Directions: Write out again, exactly, the lines below starting at the one with "Hello friends, welcome" and ending at the one with "Welcome back to Module".

Records provided:
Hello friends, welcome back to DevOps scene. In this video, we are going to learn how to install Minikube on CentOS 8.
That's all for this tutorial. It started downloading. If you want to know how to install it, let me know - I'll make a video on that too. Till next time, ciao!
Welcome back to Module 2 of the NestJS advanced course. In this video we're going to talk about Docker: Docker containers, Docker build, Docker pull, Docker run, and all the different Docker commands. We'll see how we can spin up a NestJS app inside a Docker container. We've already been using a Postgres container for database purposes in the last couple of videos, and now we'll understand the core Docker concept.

* * *

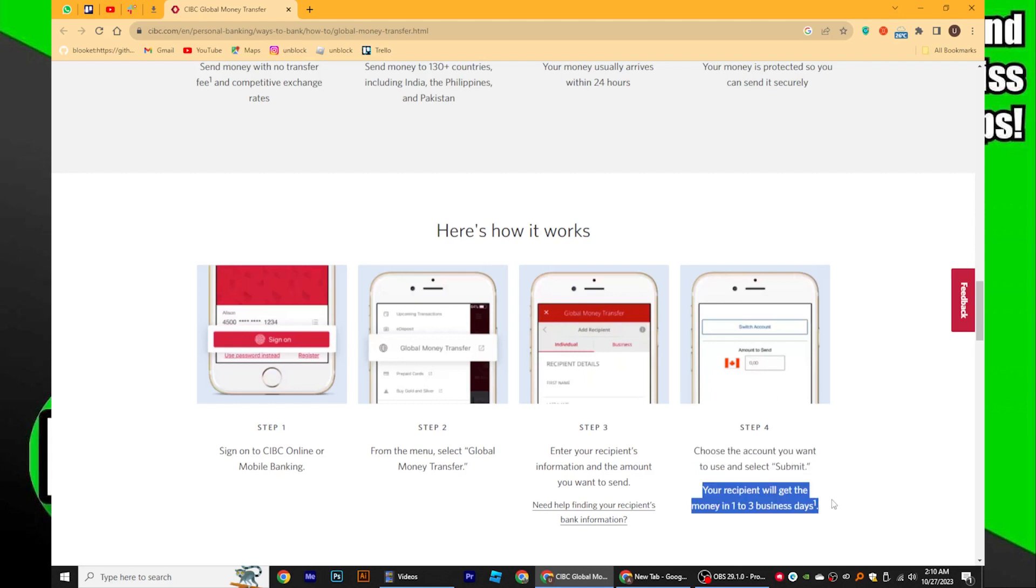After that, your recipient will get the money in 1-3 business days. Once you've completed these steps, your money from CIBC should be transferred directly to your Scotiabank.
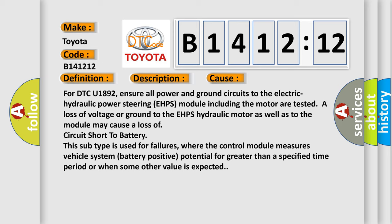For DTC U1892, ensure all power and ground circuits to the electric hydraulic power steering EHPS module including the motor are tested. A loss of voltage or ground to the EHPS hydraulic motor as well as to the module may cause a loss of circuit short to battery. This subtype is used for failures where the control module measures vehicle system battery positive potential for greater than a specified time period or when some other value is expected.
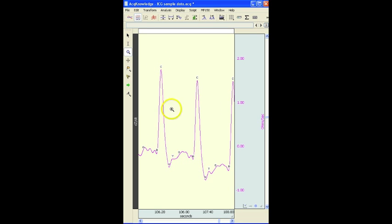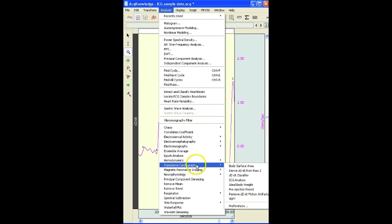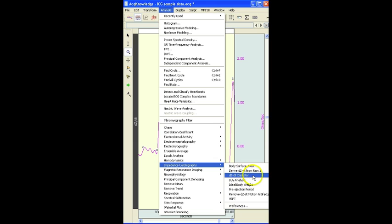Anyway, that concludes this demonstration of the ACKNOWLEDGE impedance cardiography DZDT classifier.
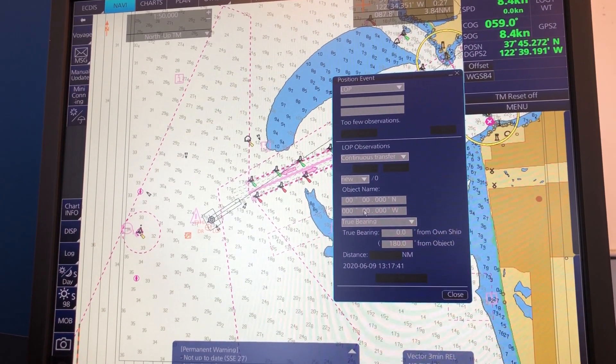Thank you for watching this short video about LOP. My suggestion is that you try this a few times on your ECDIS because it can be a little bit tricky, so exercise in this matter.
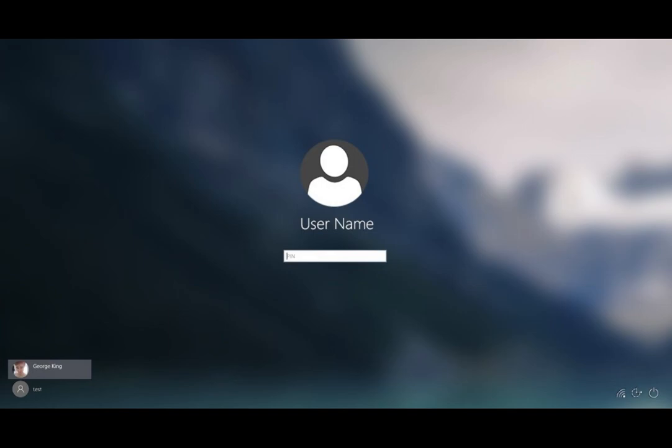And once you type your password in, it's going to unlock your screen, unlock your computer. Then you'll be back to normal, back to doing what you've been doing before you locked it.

Response to the exercise:
Hello friends, welcome back to DevOps scene. In this video, we are going to learn how to install Minikube on CentOS 8.
That's all for this tutorial. It started downloading. If you want to know how to install it, let me know - I'll make a video on that too. Till next time, ciao!
Welcome back to Module 2 of the NestJS advanced course. In this video we're going to talk about Docker: Docker containers, Docker build, Docker pull, Docker run, and all the different Docker commands. We'll see how we can spin up a NestJS app inside a Docker container. We've already been using a Postgres container for database purposes in the last couple of videos, and now we'll understand the core Docker concept.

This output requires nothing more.